Now in his seventh year in the House, Meadows has been a leader of hard-right conservatives who repeatedly defied and bedeviled two GOP House speakers. His disruptive tactics seemed to make him a kindred spirit with Trump, and the two men meet and confer often.

Meadows’ name has been floated inside the White House at times as a possible replacement for Acting White House Chief of Staff Mick Mulvaney. But Meadows is instead currently expected to join the White House in a yet-to-be-finalized senior adviser or strategist role, according to two people familiar with the situation who spoke on condition of anonymity to discuss private deliberations.

While Meadows had openly expressed his desire to serve as Trump’s chief of staff in the past, he is not expected to replace anyone currently working at the White House.

And one of those people said they expected the role to be temporary, with Meadows eventually returning to the private sector.

Meadows told reporters Thursday that joining Trump’s White House staff or presidential campaign “are certainly options,” but remained vague.

The 60-year-old lawmaker declined to rule out taking a new post and leaving Congress before his two-year term expires.

“I plan to continue to help the president and the administration, and how we do that and in what capacity has yet to be defined,” he told reporters.
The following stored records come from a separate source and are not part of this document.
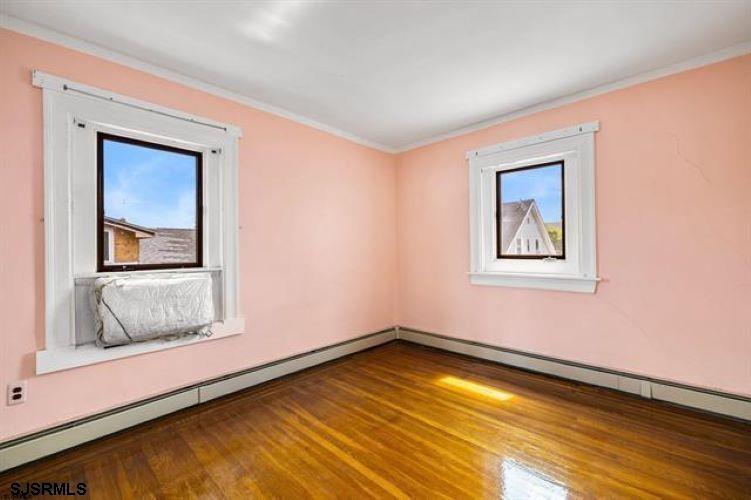 Atlantic City, New Jersey 08401, United States, 5 Bedrooms Bedrooms, ,4 BathroomsBathrooms,Residential,Active,243273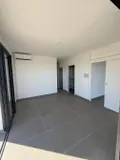 Maison a vendre Saint-Leu 97416 La Réunion 974 123 m2 5 pièces 765000 euros 97424/279 017
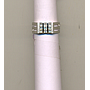 DIAMOND RING GENTS FANCY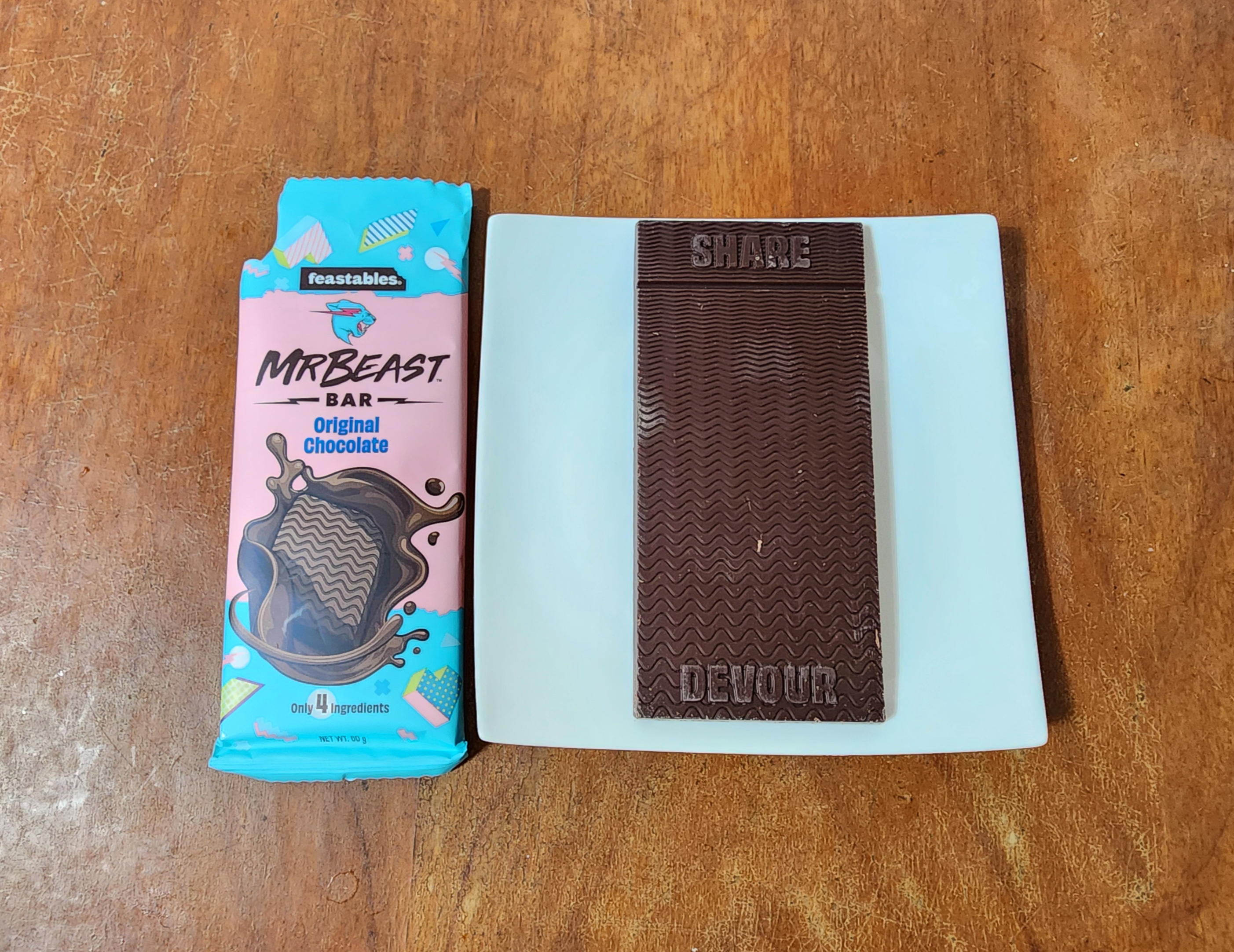 CU_미스터비스트초콜릿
He said he might seek elective office in the future. But he said he would not run for the Senate in 2020, when GOP Sen. Thom Tillis is up for reelection, or in 2022, when his North Carolina colleague, Republican Sen. Richard Burr, has said he will retire.

Meadows’ announcement comes just a day after the House voted to impeach Trump on charges that he abused his power and obstructed Congress.

Meadows became the 25th Republican to say they won’t seek reelection next year, plus another four who have already resigned or will leave Congress shortly. While Meadows’ seat is viewed as safely Republican, some of the districts being vacated are not, further complicating the GOP’s unlikely prospects of winning the House majority in next November’s elections.

In a written statement, Meadows said he struggled with the decision and came to it after discussion with his family.

“My work with President Trump and his administration is only beginning. This President has accomplished incredible results for the country in just three years, and I’m fully committed to staying in the fight with him and his team to build on those successes and deliver on his promises for the years to come,” Meadows said in the statement. “I’ve always said Congress is a temporary job, but the fight to return Washington, D.C. to its rightful owner, We The People, has only just begun.”

In 2015, Meadows stunned his Republican colleagues by filing a motion to oust House Speaker John Boehner, R-Ohio, which eventually led to Boehner’s resignation. The House Freedom Caucus, which he led, also sometimes made life difficult for Boehner’s successor, former Speaker Paul Ryan, R-Wis.

The Freedom Caucus is a block of around three dozen conservative lawmakers. Their numbers and unity sometimes gave them enough clout to scuttle GOP bills not to their liking or to extract concessions from party leaders.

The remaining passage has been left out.